[[ Source information open ]]

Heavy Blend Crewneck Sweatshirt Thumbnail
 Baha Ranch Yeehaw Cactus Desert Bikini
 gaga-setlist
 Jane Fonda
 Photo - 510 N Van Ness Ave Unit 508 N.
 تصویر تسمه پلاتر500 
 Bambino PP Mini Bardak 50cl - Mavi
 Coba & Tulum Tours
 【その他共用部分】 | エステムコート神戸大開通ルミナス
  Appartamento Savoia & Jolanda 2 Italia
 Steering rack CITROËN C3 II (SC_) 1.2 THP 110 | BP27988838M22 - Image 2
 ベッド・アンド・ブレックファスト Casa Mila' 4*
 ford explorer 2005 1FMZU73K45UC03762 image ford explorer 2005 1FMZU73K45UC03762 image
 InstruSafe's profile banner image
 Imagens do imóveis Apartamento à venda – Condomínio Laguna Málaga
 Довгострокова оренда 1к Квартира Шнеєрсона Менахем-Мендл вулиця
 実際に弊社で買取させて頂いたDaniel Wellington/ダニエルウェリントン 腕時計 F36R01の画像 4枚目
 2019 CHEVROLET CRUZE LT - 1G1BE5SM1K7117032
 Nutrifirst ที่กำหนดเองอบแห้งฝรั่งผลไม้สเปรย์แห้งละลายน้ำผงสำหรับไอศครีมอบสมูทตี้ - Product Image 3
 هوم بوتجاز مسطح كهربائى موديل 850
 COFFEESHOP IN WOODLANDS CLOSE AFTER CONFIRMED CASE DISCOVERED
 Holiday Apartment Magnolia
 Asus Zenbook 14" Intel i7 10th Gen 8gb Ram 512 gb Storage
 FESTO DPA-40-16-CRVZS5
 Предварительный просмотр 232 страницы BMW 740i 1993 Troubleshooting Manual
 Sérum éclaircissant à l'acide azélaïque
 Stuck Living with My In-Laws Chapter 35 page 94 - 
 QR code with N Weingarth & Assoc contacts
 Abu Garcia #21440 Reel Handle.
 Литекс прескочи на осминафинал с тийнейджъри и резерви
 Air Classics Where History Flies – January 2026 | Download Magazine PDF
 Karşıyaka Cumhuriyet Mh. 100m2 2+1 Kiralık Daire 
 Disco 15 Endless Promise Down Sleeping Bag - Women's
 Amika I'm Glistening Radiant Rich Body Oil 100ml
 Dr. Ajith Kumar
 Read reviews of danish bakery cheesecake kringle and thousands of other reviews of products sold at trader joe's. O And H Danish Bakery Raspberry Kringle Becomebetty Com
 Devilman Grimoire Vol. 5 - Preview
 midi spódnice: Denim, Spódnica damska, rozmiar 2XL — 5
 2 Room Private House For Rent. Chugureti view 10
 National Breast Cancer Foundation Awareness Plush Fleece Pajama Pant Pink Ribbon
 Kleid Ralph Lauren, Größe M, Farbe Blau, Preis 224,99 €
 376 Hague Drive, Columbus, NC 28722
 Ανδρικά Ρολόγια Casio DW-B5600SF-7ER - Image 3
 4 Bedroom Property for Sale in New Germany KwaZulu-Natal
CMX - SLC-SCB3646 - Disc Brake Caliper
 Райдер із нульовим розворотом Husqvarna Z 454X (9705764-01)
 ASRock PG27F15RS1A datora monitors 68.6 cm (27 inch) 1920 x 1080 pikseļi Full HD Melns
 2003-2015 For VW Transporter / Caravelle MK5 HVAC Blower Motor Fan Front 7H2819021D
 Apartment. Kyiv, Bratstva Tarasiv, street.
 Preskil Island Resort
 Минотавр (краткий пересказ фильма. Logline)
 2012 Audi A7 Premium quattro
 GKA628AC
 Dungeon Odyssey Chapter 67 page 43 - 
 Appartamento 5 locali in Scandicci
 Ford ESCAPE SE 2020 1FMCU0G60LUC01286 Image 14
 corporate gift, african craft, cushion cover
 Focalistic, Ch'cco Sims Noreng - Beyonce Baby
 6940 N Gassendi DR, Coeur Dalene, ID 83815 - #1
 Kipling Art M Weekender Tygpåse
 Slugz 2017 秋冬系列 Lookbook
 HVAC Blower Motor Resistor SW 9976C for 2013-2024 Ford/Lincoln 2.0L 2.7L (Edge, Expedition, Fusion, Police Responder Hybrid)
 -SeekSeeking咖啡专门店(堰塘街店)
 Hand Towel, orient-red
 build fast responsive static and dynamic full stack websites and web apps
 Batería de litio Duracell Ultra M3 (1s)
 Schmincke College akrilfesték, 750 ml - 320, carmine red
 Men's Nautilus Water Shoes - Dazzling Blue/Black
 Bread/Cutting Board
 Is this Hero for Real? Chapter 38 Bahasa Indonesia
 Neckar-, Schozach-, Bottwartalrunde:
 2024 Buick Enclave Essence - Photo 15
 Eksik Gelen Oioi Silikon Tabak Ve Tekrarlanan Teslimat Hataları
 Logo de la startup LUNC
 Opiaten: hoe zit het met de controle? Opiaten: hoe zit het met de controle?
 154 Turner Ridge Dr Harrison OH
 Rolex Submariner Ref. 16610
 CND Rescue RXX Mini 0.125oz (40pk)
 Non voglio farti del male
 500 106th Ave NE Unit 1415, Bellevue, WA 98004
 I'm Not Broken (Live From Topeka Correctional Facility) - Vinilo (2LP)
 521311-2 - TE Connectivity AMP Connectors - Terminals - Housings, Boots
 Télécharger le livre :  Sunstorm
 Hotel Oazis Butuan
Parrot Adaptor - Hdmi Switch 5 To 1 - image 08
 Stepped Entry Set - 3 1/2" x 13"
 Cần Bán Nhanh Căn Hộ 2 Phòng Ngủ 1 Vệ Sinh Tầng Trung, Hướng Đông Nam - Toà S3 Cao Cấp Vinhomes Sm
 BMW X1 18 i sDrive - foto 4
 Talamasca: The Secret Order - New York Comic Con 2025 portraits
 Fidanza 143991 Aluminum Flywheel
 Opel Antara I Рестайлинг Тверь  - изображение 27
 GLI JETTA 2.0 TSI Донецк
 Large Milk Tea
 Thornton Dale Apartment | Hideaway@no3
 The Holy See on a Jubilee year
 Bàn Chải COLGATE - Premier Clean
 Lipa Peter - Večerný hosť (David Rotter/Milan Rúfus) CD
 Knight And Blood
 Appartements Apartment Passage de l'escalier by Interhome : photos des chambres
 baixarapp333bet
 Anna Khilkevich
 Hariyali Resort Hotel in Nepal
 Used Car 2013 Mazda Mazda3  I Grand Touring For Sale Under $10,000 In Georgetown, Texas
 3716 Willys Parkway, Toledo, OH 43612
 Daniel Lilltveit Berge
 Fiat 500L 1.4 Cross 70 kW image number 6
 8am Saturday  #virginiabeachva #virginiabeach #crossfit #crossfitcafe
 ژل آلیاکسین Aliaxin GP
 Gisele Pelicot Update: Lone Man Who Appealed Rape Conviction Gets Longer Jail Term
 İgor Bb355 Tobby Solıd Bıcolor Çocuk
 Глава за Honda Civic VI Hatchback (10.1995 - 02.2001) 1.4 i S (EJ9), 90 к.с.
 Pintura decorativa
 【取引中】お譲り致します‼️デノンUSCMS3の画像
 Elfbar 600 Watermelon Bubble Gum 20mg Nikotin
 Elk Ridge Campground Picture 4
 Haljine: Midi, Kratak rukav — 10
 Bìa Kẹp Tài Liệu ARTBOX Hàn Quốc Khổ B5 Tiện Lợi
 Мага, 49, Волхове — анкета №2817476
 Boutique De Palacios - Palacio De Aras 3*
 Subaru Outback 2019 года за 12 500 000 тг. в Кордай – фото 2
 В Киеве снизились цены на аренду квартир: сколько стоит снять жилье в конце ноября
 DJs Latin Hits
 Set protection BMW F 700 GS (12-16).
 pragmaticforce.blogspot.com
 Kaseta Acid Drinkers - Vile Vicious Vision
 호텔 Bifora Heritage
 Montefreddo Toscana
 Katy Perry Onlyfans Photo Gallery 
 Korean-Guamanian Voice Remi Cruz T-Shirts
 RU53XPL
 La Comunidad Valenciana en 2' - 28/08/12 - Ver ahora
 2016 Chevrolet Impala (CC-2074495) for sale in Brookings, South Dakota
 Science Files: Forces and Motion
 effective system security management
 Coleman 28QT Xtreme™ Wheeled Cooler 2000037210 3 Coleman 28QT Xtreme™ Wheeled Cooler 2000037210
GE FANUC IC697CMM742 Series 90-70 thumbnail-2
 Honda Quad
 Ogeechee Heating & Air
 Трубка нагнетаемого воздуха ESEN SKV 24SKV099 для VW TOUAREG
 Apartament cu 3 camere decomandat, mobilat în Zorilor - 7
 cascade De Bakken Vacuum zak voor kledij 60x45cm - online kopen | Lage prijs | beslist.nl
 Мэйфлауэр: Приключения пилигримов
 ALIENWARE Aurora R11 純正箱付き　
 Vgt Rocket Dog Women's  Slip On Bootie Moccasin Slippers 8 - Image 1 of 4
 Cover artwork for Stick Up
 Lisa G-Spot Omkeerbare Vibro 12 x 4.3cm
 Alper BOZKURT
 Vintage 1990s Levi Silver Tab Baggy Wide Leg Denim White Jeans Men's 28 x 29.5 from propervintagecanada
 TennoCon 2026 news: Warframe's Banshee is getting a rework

[[ Source information closed ]]

## Assignment:
All lines above from the one containing "Talamasca: The Secret" to the one containing "Глава за Honda" must be repeated exactly, both lines included, and no others.

## Exercise output:
 Talamasca: The Secret Order - New York Comic Con 2025 portraits
 Fidanza 143991 Aluminum Flywheel
 Opel Antara I Рестайлинг Тверь  - изображение 27
 GLI JETTA 2.0 TSI Донецк
 Large Milk Tea
 Thornton Dale Apartment | Hideaway@no3
 The Holy See on a Jubilee year
 Bàn Chải COLGATE - Premier Clean
 Lipa Peter - Večerný hosť (David Rotter/Milan Rúfus) CD
 Knight And Blood
 Appartements Apartment Passage de l'escalier by Interhome : photos des chambres
 baixarapp333bet
 Anna Khilkevich
 Hariyali Resort Hotel in Nepal
 Used Car 2013 Mazda Mazda3  I Grand Touring For Sale Under $10,000 In Georgetown, Texas
 3716 Willys Parkway, Toledo, OH 43612
 Daniel Lilltveit Berge
 Fiat 500L 1.4 Cross 70 kW image number 6
 8am Saturday  #virginiabeachva #virginiabeach #crossfit #crossfitcafe
 ژل آلیاکسین Aliaxin GP
 Gisele Pelicot Update: Lone Man Who Appealed Rape Conviction Gets Longer Jail Term
 İgor Bb355 Tobby Solıd Bıcolor Çocuk
 Глава за Honda Civic VI Hatchback (10.1995 - 02.2001) 1.4 i S (EJ9), 90 к.с.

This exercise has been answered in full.